I spent a fair part of the day today talking with a conservator about evaluating and treating the two paintings that my cousin Carole McMurry let me borrow for a year to research and conserve (introduced in parts one, two and three of this series). It’s usually quite an enriching experience talking with a conservator, and today was no exception. In just a few short hours I learned several key facts about the two paintings:
- The paintings had almost certainly never been rolled to make them easier to transport;
- The paintings were almost certainly not restretched onto their current stretcher bars;
- The canvases were almost certainly bought already stretched and primed (rather than being stretched and primed by the artist);
- The paintings were almost certainly painted while the canvases were on their current stretcher bars;
- The paintings appear more consistent with having been painted in the 1880s than in the 1860s to mid-1870s, as I had expected;
- The style of the paintings was described as American Folk, but a sophisticated type of American Folk that indicates the painter may have received formal training at some point.
These observations about the paintings, when combined with the fact that the woman alleged to have painted them—Elizabeth Miller McMurry—died in 1876, bring into question the true identity of the painter.
As discussed in the previous post in this series, the stretchers on the canvas of the larger painting (the pastoral scene) are marked with a patent date of September 1884. If the canvas was painted only after it was stretched on those stretcher bars (as now seems the case), then these paintings were not begun until at least September, 1884, and thus Elizabeth Miller McMurry could not be their creator.
But if Elizabeth McMurry didn’t paint them, then who did? The most likely candidate I can think of is Grace S. Aitken, Elizabeth’s daughter-in-law through her marriage to James Miller McMurry. At some point in the mid-1880s, Grace moved to Port Townsend, Washington, where she met and married James Miller McMurry, a druggist and an acclaimed photographer (his photography will be the subject of a future post). Grace and James were both listed as photographers on the 1900 census, and presumably ran their McMurry photo studio together.
The image above, a scan from a color photocopy made in 1990 from an original print, is the only image I have of Grace. The man just to the viewer’s left of Grace is her husband, James McMurry. I estimate this photo was taken around 1905, when both James and Grace were photographers.
Grace S. Aitken was born in New York in February, 1855, to John and Margaret Aitken. John Aitken was a successful lawyer in Brooklyn, New York. From the value of his property and real estate listed on the 1870 census ($12,000 and $7,000, respectively), it’s clear that John was a man of means and that his family lived a comfortable life.
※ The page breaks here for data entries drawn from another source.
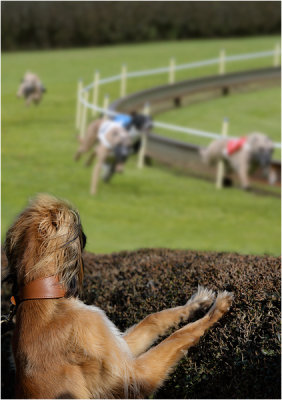 Dogs @ the Race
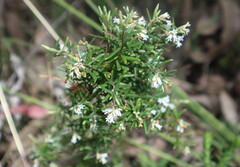 Acrothamnus hookeri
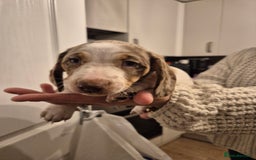 Miniature Dachshund dogs for sale: miniature daschund from £1200 - £1000 - Image 6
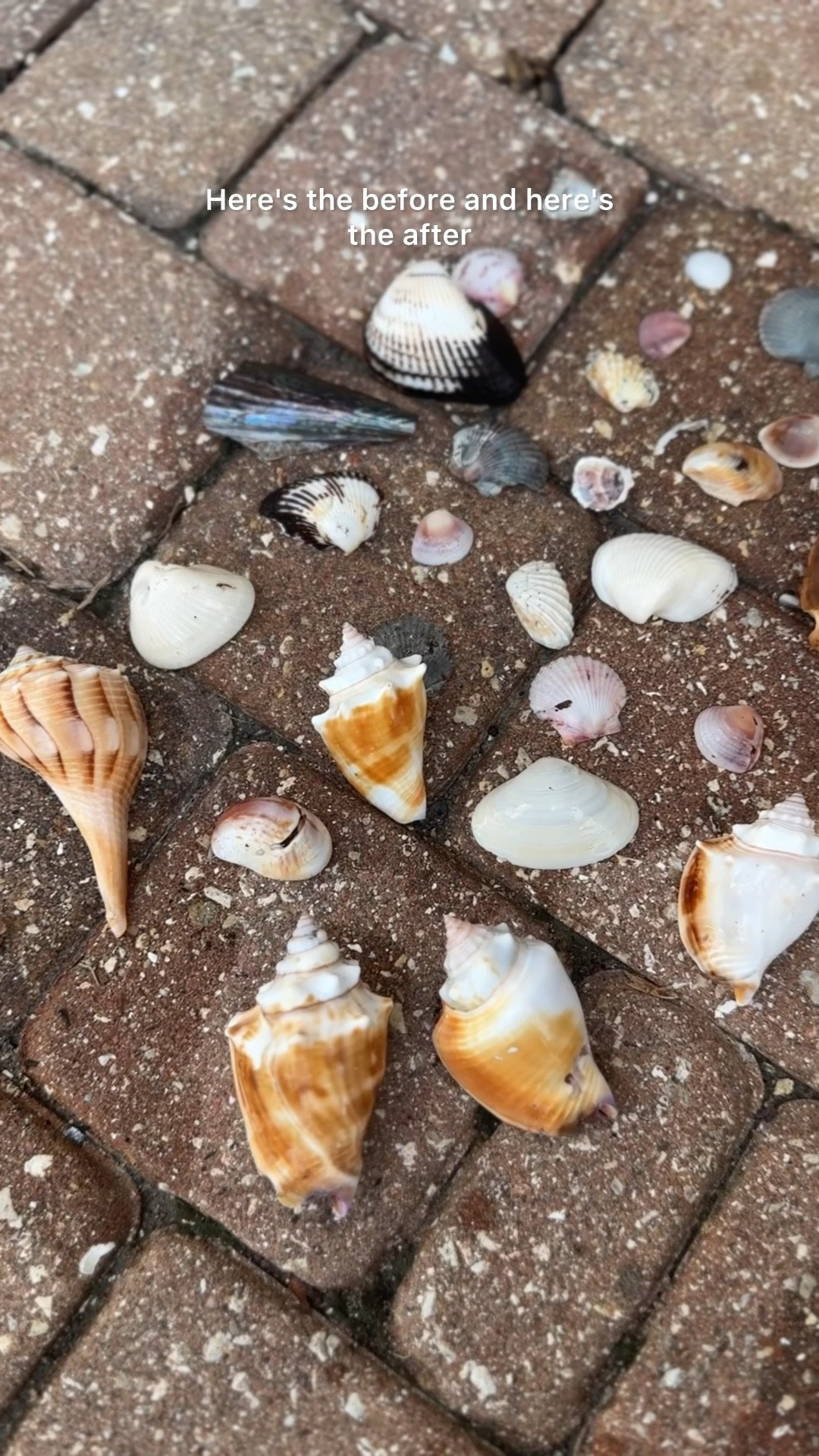 This is the solution we used to clean our shells! 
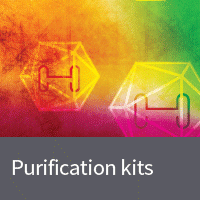 AAV purification kits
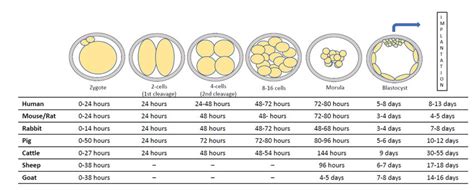 Timing of development after fertilization from a zygote to implantation... | Download Scientific ...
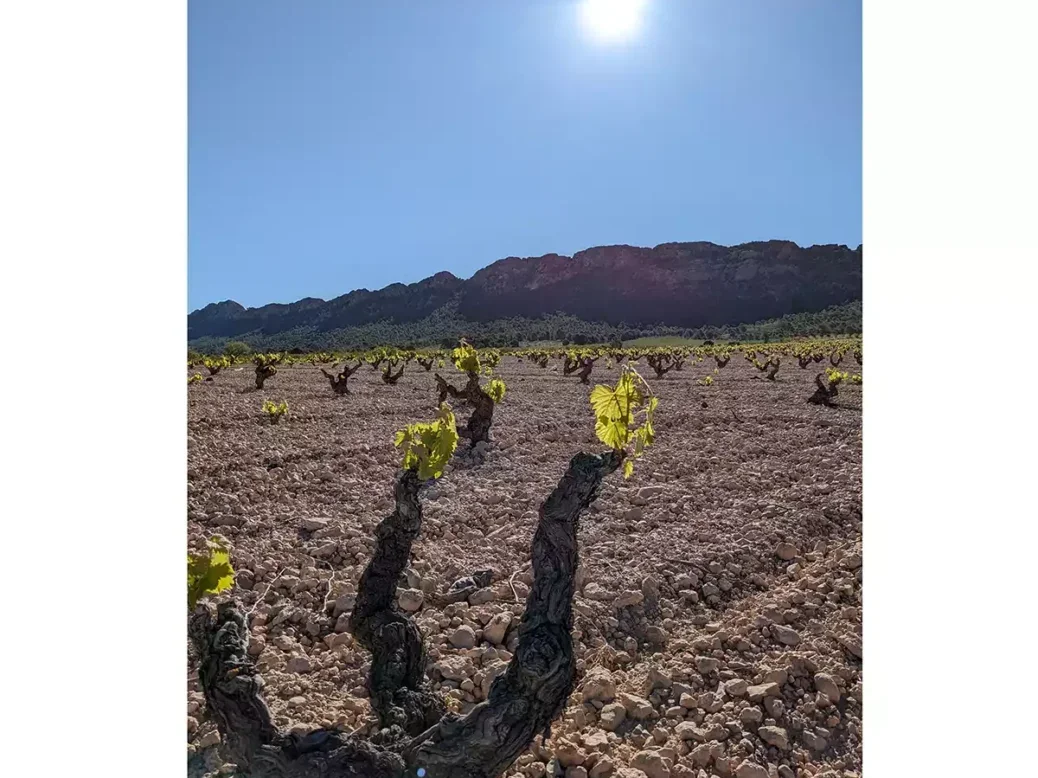 old bush vines in Jumilla Spain.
New York City would certainly be the kind of place where a young lady from a well-to-do family could be formally trained in art. Furthermore, in the 1863 and 1865 city directories for Brooklyn (below), there were only 5 other people with the last name of Aitken, including a James F. Aitken who was a supplier of artists’ materials:
I have yet to determine whether and how James F. Aitken might be related to Grace Aitken, but with such a small number of people sharing this surname at the time in Brooklyn, it’s not unreasonable to imagine that they may have been related.
In the mid-1860s, there were also numerous accomplished painters with studios in New York City, many of whom may have taught painting as well: Frederic Edwin Church, Albert Bierstadt, Sanford Robinson Gifford, John Frederick Kensett, Samuel Colman, William Hart, William Stanley Haseltine, Martin Johnson Heade, Jervis McEntee, and other painters of the Hudson Valley School as well as perhaps the Barbizon School. The founding of the Metropolitan Museum of Art in New York also dates to this time period (1866–1870).
Several prominent New York painters, including Albert Bierstadt, Sanford Robinson Gifford, and Thomas Moran, travelled west to the Washington Territory, a fact which may help explain why Grace Aitken herself chose to move from New York City to Port Townsend, Washington, in the 1880s.
If Grace Aitken is indeed the painter of the three paintings currently attributed to Elizabeth Miller McMurry, she would have painted them in the Washington Territory shortly after her arrival there. Whether the paintings were painted by his mother when he was young, or by his wife around the time they met, they would have held great sentimental value for James McMurry, the man who owned these paintings until he passed them along to my great grandparents.